%%

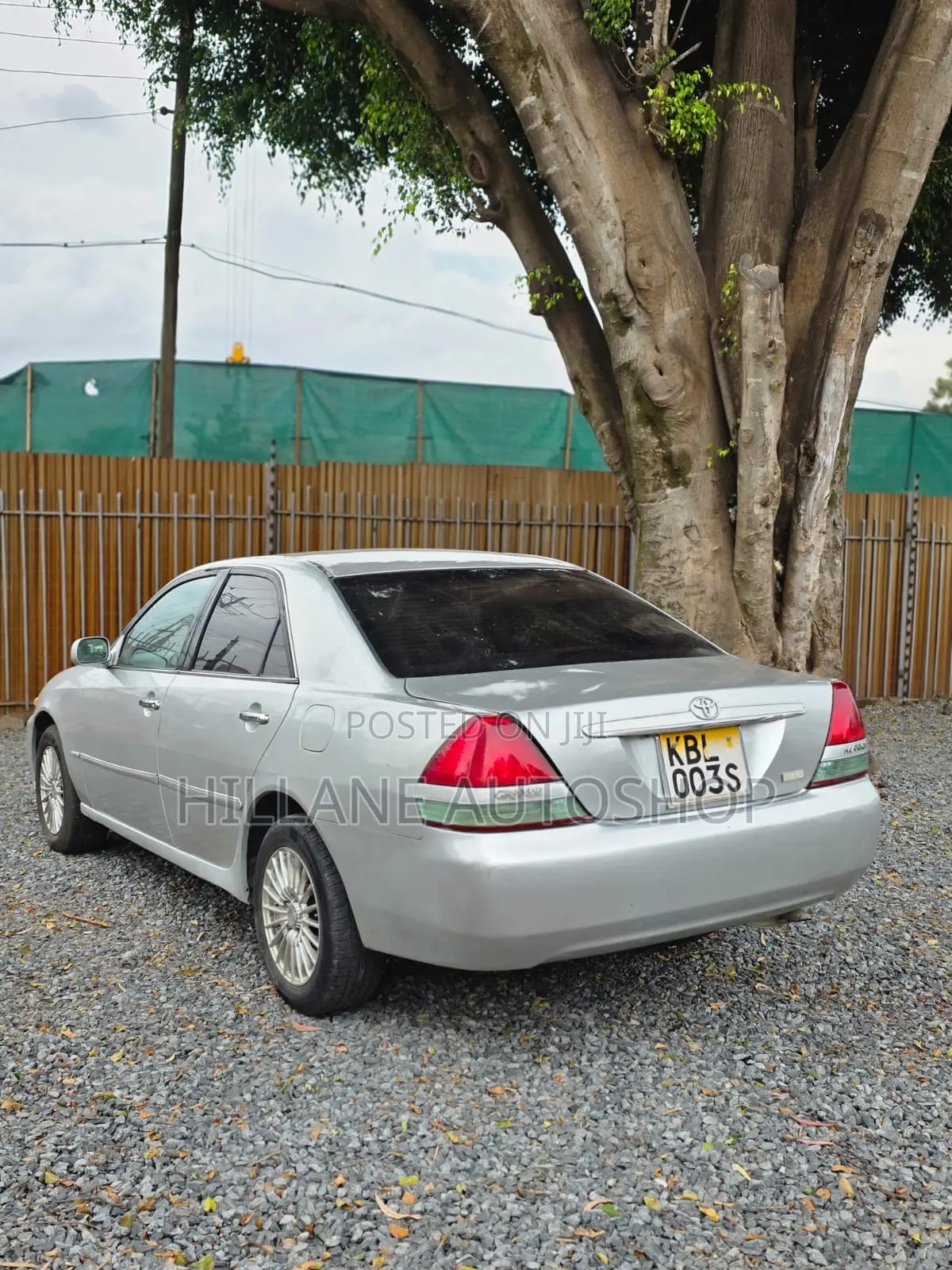 Toyota Mark II 2004 Silver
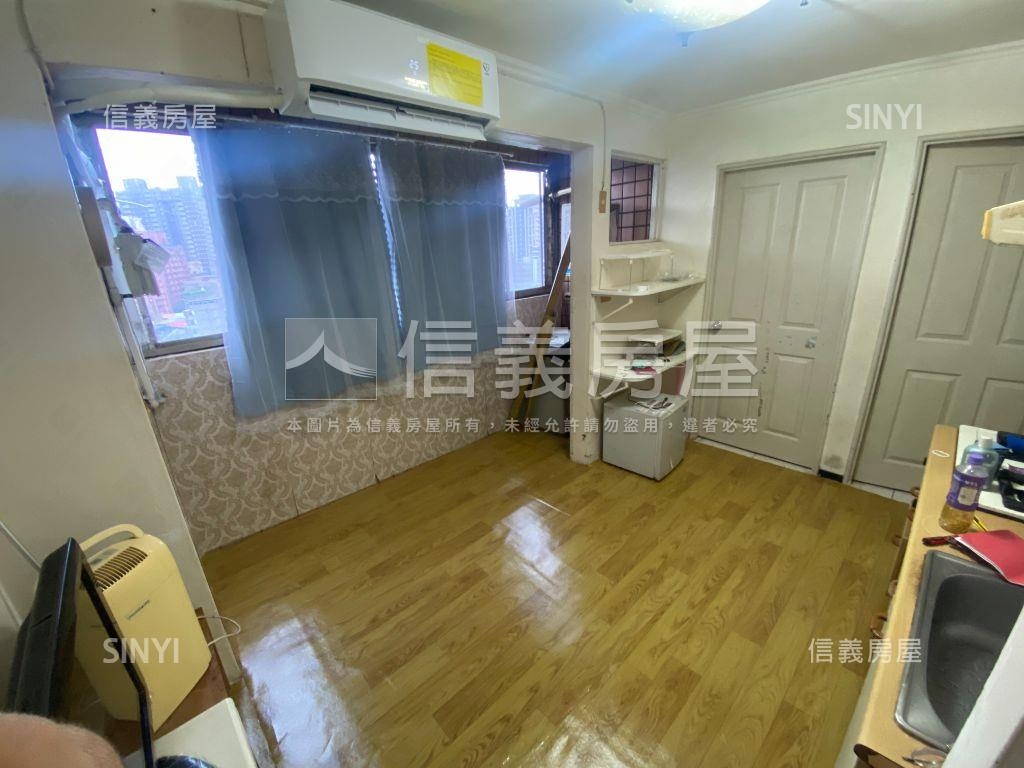 大山圓精美電梯兩房房屋室內格局與周邊環境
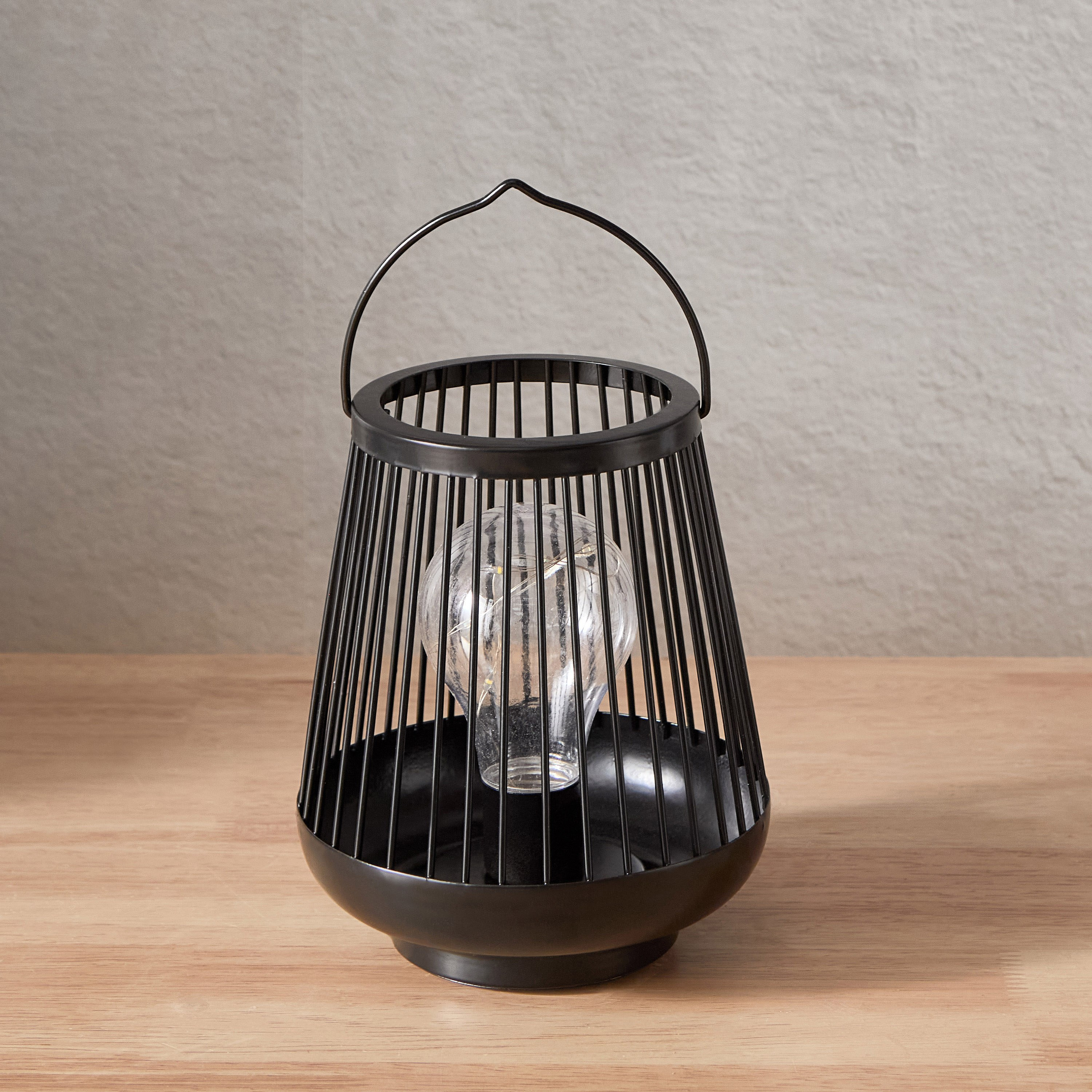 Sera Metal LED Lantern-PROMO_HB_AE_B2G2_011025-image-1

%%

● **Description of the task**
Reproduce the material above in full, exactly, with no images.

● **Solution to this task**
 Toyota Mark II 2004 Silver
 大山圓精美電梯兩房房屋室內格局與周邊環境
 Sera Metal LED Lantern-PROMO_HB_AE_B2G2_011025-image-1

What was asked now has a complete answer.